Your task. Which lines below fall between the one containing "AURALEE SUPER LIGHT WOOL CHECK SHIRTSのサムネイル" and the one containing "how to reset ecobank ussd transfer pin"? Repeat them exactly, counting both of those lines, and add nothing else.

Input.
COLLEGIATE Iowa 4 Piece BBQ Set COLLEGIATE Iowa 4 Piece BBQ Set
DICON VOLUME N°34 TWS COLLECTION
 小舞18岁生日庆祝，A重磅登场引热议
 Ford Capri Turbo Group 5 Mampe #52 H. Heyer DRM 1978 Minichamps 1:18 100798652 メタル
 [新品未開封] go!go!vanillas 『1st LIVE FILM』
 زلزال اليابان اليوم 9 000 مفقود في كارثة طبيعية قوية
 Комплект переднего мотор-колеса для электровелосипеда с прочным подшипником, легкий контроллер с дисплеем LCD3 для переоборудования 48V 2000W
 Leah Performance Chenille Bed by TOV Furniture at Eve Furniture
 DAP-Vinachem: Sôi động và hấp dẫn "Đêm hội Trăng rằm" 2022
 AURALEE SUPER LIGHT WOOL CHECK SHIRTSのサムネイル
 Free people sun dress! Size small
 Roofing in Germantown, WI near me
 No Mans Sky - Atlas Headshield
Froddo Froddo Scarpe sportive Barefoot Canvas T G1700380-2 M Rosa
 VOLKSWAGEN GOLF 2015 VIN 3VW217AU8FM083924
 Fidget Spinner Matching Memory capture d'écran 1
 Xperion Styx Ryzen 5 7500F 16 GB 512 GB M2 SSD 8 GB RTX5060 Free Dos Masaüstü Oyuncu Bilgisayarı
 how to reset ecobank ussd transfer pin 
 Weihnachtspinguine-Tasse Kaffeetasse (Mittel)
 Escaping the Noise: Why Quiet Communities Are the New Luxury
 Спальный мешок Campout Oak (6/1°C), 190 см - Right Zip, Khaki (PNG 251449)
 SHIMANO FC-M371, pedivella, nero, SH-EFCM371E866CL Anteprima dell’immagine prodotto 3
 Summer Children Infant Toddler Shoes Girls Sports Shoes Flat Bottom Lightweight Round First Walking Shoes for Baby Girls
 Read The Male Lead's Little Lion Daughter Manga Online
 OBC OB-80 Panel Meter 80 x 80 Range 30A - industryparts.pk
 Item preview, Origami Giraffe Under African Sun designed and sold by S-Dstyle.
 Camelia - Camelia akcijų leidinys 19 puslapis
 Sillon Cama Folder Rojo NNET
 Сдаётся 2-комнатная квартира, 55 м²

Output.
 AURALEE SUPER LIGHT WOOL CHECK SHIRTSのサムネイル
 Free people sun dress! Size small
 Roofing in Germantown, WI near me
 No Mans Sky - Atlas Headshield
Froddo Froddo Scarpe sportive Barefoot Canvas T G1700380-2 M Rosa
 VOLKSWAGEN GOLF 2015 VIN 3VW217AU8FM083924
 Fidget Spinner Matching Memory capture d'écran 1
 Xperion Styx Ryzen 5 7500F 16 GB 512 GB M2 SSD 8 GB RTX5060 Free Dos Masaüstü Oyuncu Bilgisayarı
 how to reset ecobank ussd transfer pin 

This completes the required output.